The 6/1 Zippy strip, with cereal adjectives:
(#1) All adjectives from actual cereal names, most of them covered in earlier postings of mine on breakfast cereals (search on “cereal” in the Page on “Food postings” on this blog)
A surprisingly rich topic, covered at some length in a 12/22/16 posting of mine (excerpted below), “Edible adjectives”, about this xkcd cartoon:
(#2) xkcd #1774 Adjective FoodsMark Liberman posted this on Language Log on the 19th, with a link to a 2004 posting of his and with the video of Monty Python’s “Crunchy Frog” sketch. [discussion of this sketch in my 4/13/20 posting “What’s on YOUR shelf?”]
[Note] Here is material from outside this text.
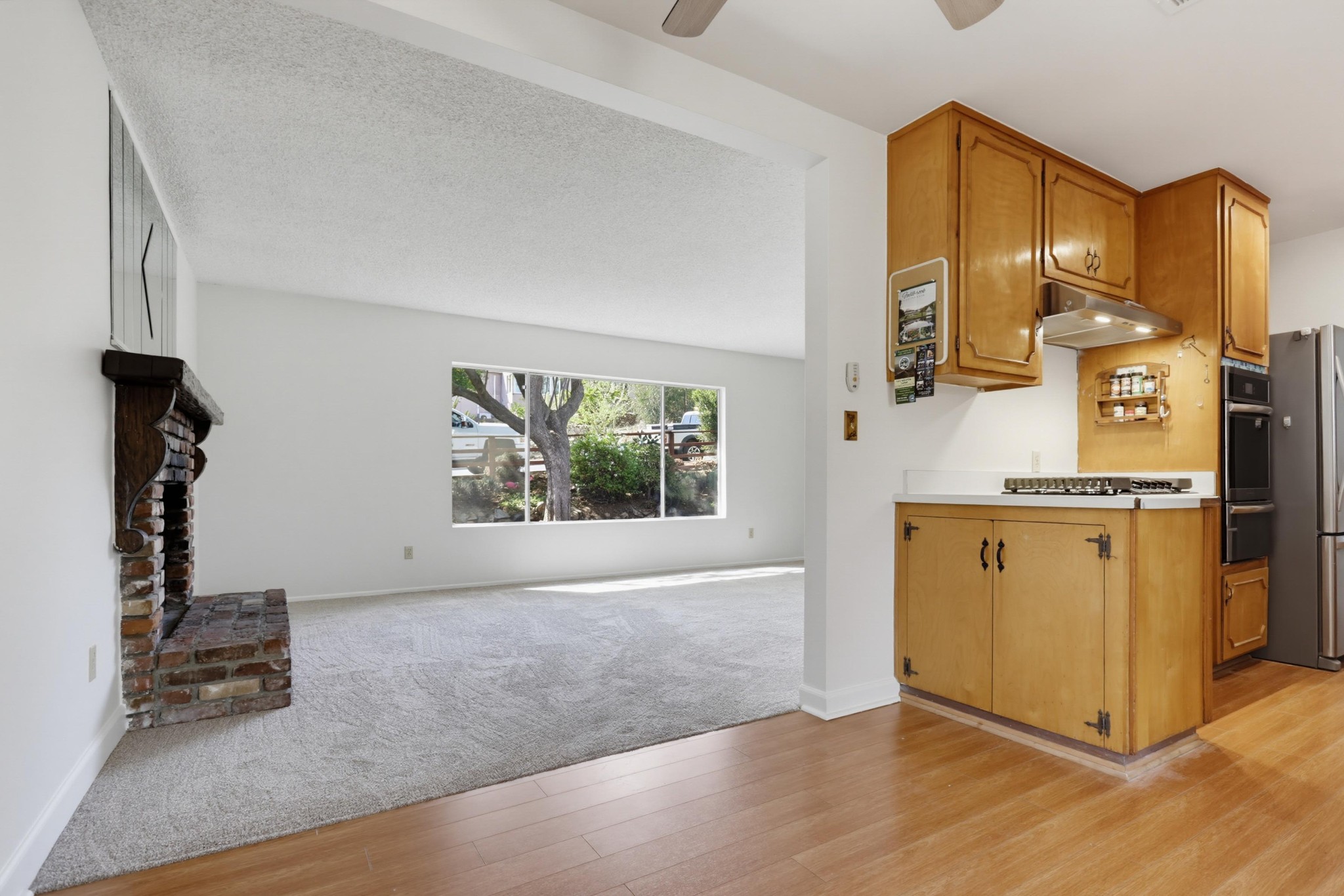 Virtual tour photo 11 of 37 for 310 Elbrook Dr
… Mark Liberman in 2004, on “Modification as social anxiety”, comparing menu items at several different restaurants, aimed at different clienteles. Some striking differences involved the use of modifiers (and consequently the length of the menu descriptions). For example:
where the White Dog has “Organic Wild Mushroom Risotto with Truffle Oil and Winter Herb Pesto” (11 words, 69 characters), Le Bec Fin has “Risotto aux champignons sauvages/Wild mushroom risotto” (7 words, 56 characters in both languages)
(Mark also includes a reference to Zwicky & Zwicky (1980) on the language of restaurant menus; discussion of adjectives there to come below.)
Forward to a 9/6/14 posting of mine, “What a difference 30 years makes”, about Dan Jurafsky’s delightful The Language of Food: A Linguist Reads the Menu (2014), where in chapter 1, “How to Read a Menu”, Dan and his collaborators looked at a huge database of restaurant menus and subjected the data to an assortment of statistical tests (two things that Z&Z were unable to do).
They uncovered significant connections between item price and several other factors, among them: length of words; use of exotic or spices (“exotifying” language); and use of “linguistic fillers”, of several types, including:
positive but vague words like delicious and synonyms tasty, mouthwatering, flavorful, scrumptious, and savory, or words like terrific, wonderful, delightful, and sublime… Another type is whar my colleague Arnold Zwicky calls “appealing adjectives”: words like zesty, rich, golden brown, crispy, or crunchy. These aren’t completely uninformative … but whether something is zesty is a matter of opinion.
The more expensive the restaurant, the more sparing in linguistic fillers it is. Dan makes an explicit connection to Gricean reasoning (based on relevance), and refers to Liberman on status anxiety.
Meanwhile, in a 6/13/14 posting “DILF days”, I looked at “ornamental adjectives” in some ad copy for porn:
[There were] ornamental adjectives (juicy twice in this small sample, in juicy donkey-meat and juicy cum-hole; raunchy dad; eager mouth; enormous 9-inch meat — what 9-inch cock is not enormous?).
The ornamental adjectives are familiar from the domain of enthusiastic food writing, especially on restaurant menus. From p. 89 of Zwicky & Zwicky, “America’s national dish: The style of restaurant menus” (available on-line here):
TASTY ADJECTIVES. Adjectives that do not refer specifically to methods of preparation are common but often uninformative.
So with porn puff, designed to make the reader hungry to sample the videos.
Puffed wheat, and puffed porn. From NOAD:
verb puff: … 2 [a] (puff something out/up or puff out/up) cause to swell or become swollen: [with object]: he suddenly sucked his stomach in and puffed his chest out | [no object]: when he was in a temper, his cheeks puffed up and his eyes shrank. [b] (be puffed up) be conceited: he was never puffed up about his writing. 3 [with object] advertise with exaggerated or false praise: publishers have puffed the book on the grounds that it contains new discoveries.
With modifying PSPs understood as passives, puffed wheat has sense 2a, puffed porn the metaphorical sense 3.